第69話「だけどさ、結局のところ――」
「いい年した大人の男が血縁関係も何もない幼女を連れまわすとか、それだけでアウトなのでは?」
そんな疑問がふいに浮かんでしまったのは、俺が前世として別の世界の記憶を記憶を持っているからだろうか。確か、あちらの世界では見知らぬオッサンから挨拶されたというだけで通報がなされるという意味不明な社会でもあった気がする。
「どういう脳内構造をしていたらそれで通報に至るのかがわからんが」
オッサンの表情とかがよっぽど胡散臭かったのか、通報者が病的なロリコンで自分の性的趣向を他人に当てはめて邪推したのかは知らないが、流石にレアケースだと思いたい。
「っ、いかん」
今世にはどうでもいいことを考えて居る場合ではなかった。
「それで、俺にコイツを連れてゆけと言うのだな?」
「その通りでしてよ。その子はわたくしの一部、離れていてもどこにいるかは解るし、距離が近ければ見聞きしたことをこちらが理解することも出来澄ますわ」
「子機か!」
ファンタジーな世界にはそぐわないが、思い浮かんだ単語はそれだった。
「子機?」
「なんでもない、こちらの話だ。それで人型になるのはどれぐらいかかる? 全て終わらせても尚かかるというなら、ここへ迎えに来るが」
いろいろなモノを割り切るとしてもこれだけは確認しておかなければならないモノがあるとしたら、まさにそれだろう。

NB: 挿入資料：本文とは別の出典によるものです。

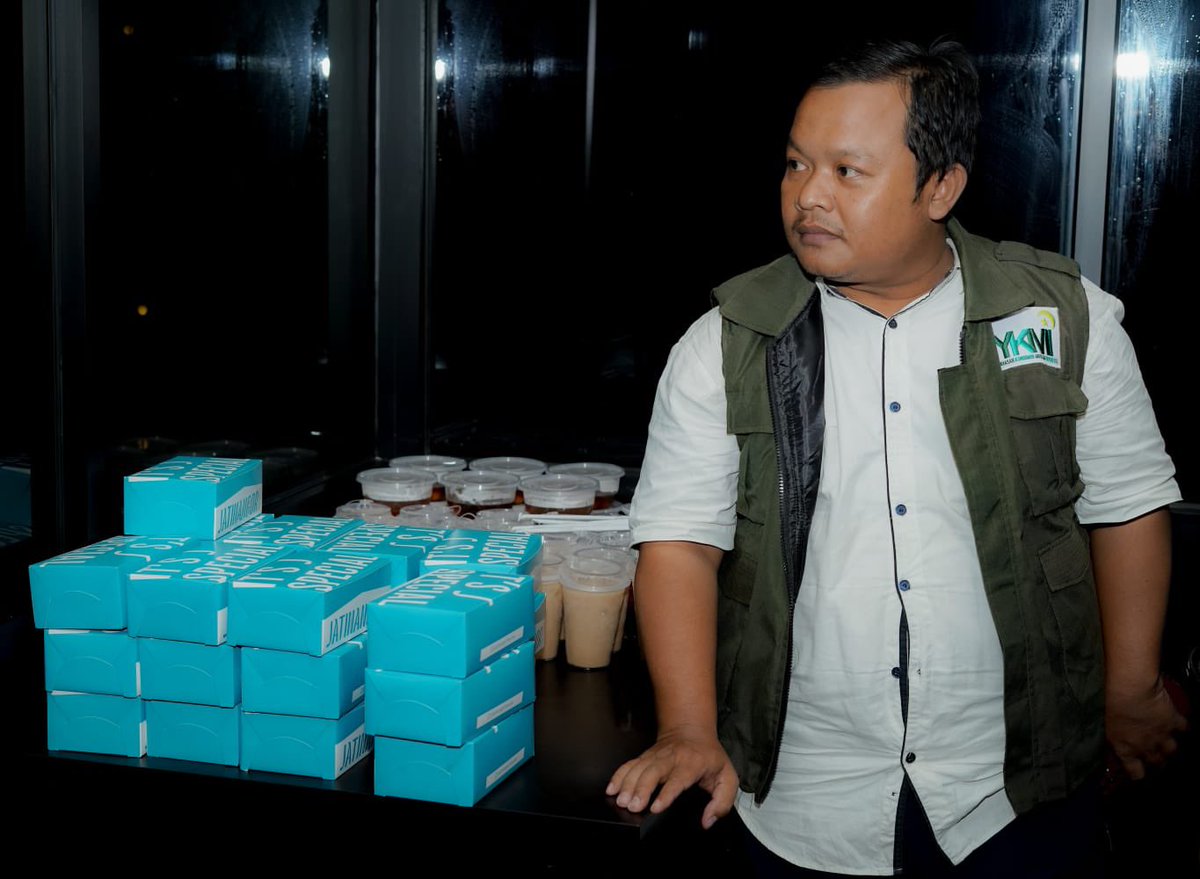 Dokumentasi Dialog YKMI #RamadhanTanpaProdukGenosida yang berlangsung Jumat (15/3) kemarin .....
Ada rilis 10 produk terafiliasi Israel yang disebut YKMI harus diboikot umat Islam dan konsumen muslim Indonesia.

「そうですわね。時間をかけた方が身体への負担がへるということもありますけれど、協力者を煩わせることも本意ではなくてよ。むしろ、そちらとしてはどちらが好ましくて?」
「それならば、すべてが終わった後だな」
人型を取った場合の参考になりそうな幼女が一人視界の中に存在するが、これを単に大人にしただけだったとしても、それは誰だとツッコまれかねない。もっとも、それを言うなら幼女だった同じではあるのだが、竜の騒動ではぐれた迷子を保護したとでも言えばこちらは誤魔化せると思う。事前に口裏合わせをしておく必要はあるが、幼女なら何を聞かれても知らない解らないで乗り切ったって不自然ではないだろう。
「承知いたしましたわ。でしたら、用件を済ませて迎えに来て下さった時には人間の姿を披露して差し上げてよ」
「披露とは言うが、幼いバージョンは既に見ているからな」
驚くとは思えないし、それよりも。
「今はこっちの小さいのとの打ち合わせが優先だ」
関所に着くまでには偽りの設定を演じられるようにしておく必要がある。
「元のお前の理解力を鑑みると、何とかなりそうな気はしているが――」
油断は禁物。元々のコイツは野生動物で、人間の常識には疎いところがあるのだ。
「食事の時間帯は避けるべきだろうな、おやつの時間と」
さすがにテーブルマナーを仕込んでいる時間はない。
「ではな、行ってくる」
小脇に幼女を抱えると、竜の方には振り向かず、俺は歩き出した。